Es difícil saber exactamente qué quiere decir Díaz-Canel con no-revolucionario. Intuyo que se refiere a aquellos que desde el rechazo a la política en general salieron a las calles motivados por situaciones concretas. Lo que no nos dice Díaz-Canel —y no es difícil sospechar que él lo sabe— es que incluso esos no-revolucionarios tampoco caben en el régimen político actual. El derecho a la libre asamblea y manifestación son incompatibles con los totalitarismos en tanto necesariamente reflejan sociedades plurales compuestas por grupos que —aun desde el rechazo a la política— se movilizan por razones diversas y con soluciones variadas en sus mentes.

Hay algo que Díaz-Canel y el PCC tienen claro: las manifestaciones de estos días no pueden tomar forma propositiva. Esto es, mientras el motor sea solo el descontento que no se articula en un grupo de ideas y propuestas, el PCC cuenta aún con tiempo. Pero tan pronto como propuestas de liberalización y democratización —mediante mecanismos concretos— se conviertan en demandas centrales, el PCC estará en conteo regresivo. Demandar elecciones libres o exigir derechos económicos, por ejemplo, son ejemplos de propuestas concretas que les permitirían a las movilizaciones avanzar convirtiendo el enojo y el hartazgo en demandas que generen consenso, y que sirvan de hoja de ruta.

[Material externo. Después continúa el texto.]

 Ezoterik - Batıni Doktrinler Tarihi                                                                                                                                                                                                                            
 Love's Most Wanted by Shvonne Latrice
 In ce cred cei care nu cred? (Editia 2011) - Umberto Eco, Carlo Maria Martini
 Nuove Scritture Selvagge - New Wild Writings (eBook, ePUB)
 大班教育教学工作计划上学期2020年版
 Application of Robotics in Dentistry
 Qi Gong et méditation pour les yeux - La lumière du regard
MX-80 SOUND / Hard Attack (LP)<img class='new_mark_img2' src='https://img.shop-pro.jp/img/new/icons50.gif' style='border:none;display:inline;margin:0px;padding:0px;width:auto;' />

La mejor solución para nuestro país siempre ha sido la misma: democratización. Para conseguir esto las experiencias en otros países sugieren que un proceso de diálogo es la mejor vía para conseguir un marco con reglas justas en el cual ninguna de las tantas partes que componen nuestra nación pueda ser avasallada por otra. Desde luego, Díaz-Canel no quiere dialogar. El PCC no sabe dialogar, nunca lo hizo, y no tendría por qué hacerlo ahora. Pero como casi siempre pasa en política, hasta los muy malos hacen cosas buenas cuando lo necesitan. Es decir, el PCC va a dialogar cuando lo necesite. Y eso es lo mejor que podemos hacer: hacer que necesiten dialogar, hacer que no les quede —o que crean que no les queda— otra alternativa.

Pero si el diálogo y el entendimiento les perturba y les provoca tanto miedo y repulsión, Díaz-Canel y toda esa cúpula violenta —que incluye, por supuesto, a quien controla hoy las Fuerzas Armadas, Raúl Castro— harían bien en salirse de la escena cuando gusten. Harían bien en hacerlo porque nosotros —esa pluralidad que nos compone— no necesitamos reyes, y mucho menos sultanes. Así que si quieren evitarle a nuestro país mayores amarguras y despedirse con algo de honor sin tener que sufrir la «afrenta» de sentarse a dialogar con quienes a sus ojos son y deben seguir siendo súbditos, harían bien en decidir libremente abandonarnos y partir hacia donde gusten, para que el resto de los cubanos —con pensamientos e ideas distintas— podamos decidir nuestro futuro republicanamente.